E, tão logo as luzes vermelhas se apagaram, o GP da Grã-Bretanha se mostrou num devir exemplar. Basta notar a fragilidade da posição de cada piloto ao longo da corrida: algúem contou o número total de ultrapassagens? O número total de rodadas ou saídas de pista? O número total de trocas de posição?
A fragilidade das posições de pista também se estende à própria personalidade dos pilotos. Hamilton, aquele que sempre erra sob pressão, aquele que não sabe lidar com suas emoções, foi o que menos cometeu erros durante a corrida, se é que se pode contar aquela saída de pista na Abbey, no momento de chuva mais intensa, como um erro.
Kubica, líder do campeonato por algumas voltas, viu sua corrida calculada desabar como um castelo de cartas, atolado na caixa de brita. Barrichello e seu treino vergonhoso: com Ross Brawn na Honda e com os pneus certos, se tornou o melhor piloto da prova – e, se seu cockpit estava ameaçado para o ano que vem, agora parece mais verossímil que o brasileiro aposente Button.

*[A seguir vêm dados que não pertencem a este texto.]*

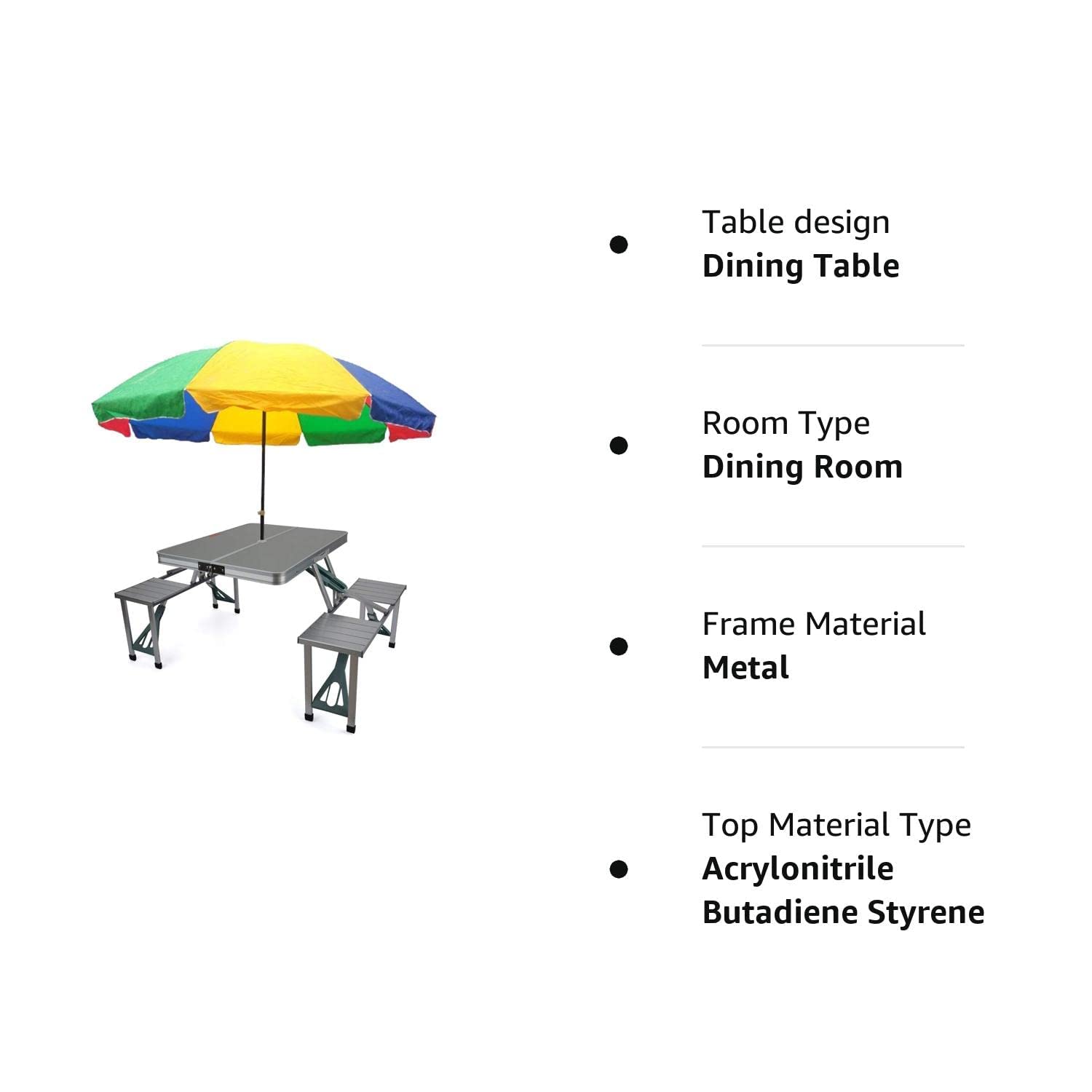 Picnic-Table-Heavy-Duty-Aluminium-Portable-Folding-Camp-Suitcase-Picnic-Table-and-4-Chairs-Set-with-Umbrella (S1) - Image 8 thumbnail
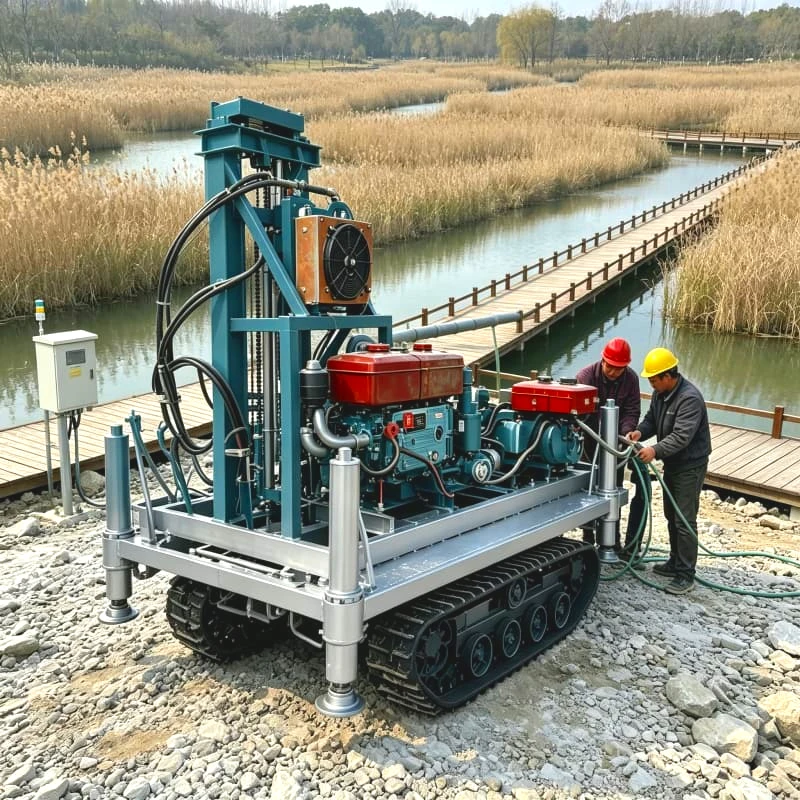 Powerful Water Well Drilling Rig Portable Borehole Machine for Farm Garden Rural Home Water 120m Depth Compact Tool Customized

Heidfeld, tão apagado pela enorme sobra do polonês com quem divide a equipe, hoje teve uma performance infinitamente mais brilhante que o outro piloto da BMW. Massa, que parecia ter se reconciliado com a chuva em Mônaco, foi atropelado pelo clima. Vejamos, então, o pódio: o pressionado e afoito em primeiro, o desmotivado em segundo, o carro-decepção do ano em terceiro.
Nem tudo mudou, porém: vale dizer que Alonso, Kovalainen, Webber e Raikkonen, alguns mais do que outros, outra vez provaram ser gênios.
E por que esta foi uma corrida assim, tão escorregadia a previsões? Pegue uma pista de curvas rápidas, carros de Fórmula 1 sem controle de tração e misture com água, muita água, que varia de forma desigual ao longo do tempo.
A essa ‘variação desigual’, a essa espécie de caos um historiador italiano chamado Carlo Ginzburg (pense nele como o Tazio Nuvolari da micro-história) deu o nome de Paradigma Conjectural – já falei disso antes, chamando-o erroneamente de “paradigma do caos”. Se a modernidade se sustentava no poder da dedução, do cálculo racional, ela começou a romper-se quando se notou a importância do saber indiciário, do pormenor revelador.
Em Silverstone, a melhor estratégia de box programada antes da corrida, deduzida pelos engenheiros e seus computadores, foi destruída pelas menores gotas de chuva que caíram no circuito. Da mesma forma, o melhor acerto de um carro deduzido pela equipe técnica mais bem paga foi arrasado pela menor variação da velocidade do vento sobre a pista.
Ironia das ironias, o devir se faz presente quando se nota que mesmo Silverstone, uma pista tão simbolicamente forte no calendário da Fórmula 1, está com seus dias contados na categoria. Se há poucos anos ela tinha um calendário quase imóvel e uma hierarquia de carros inabalável, hoje vimos carros rendendo de forma muito diferente ao longo da mesma prova (Ferrari ultrapassada por Honda!), posições de pista variando quase aleatoriamente, identidades móveis... Fórmula 1, bem-vinda de volta à pós-modernidade!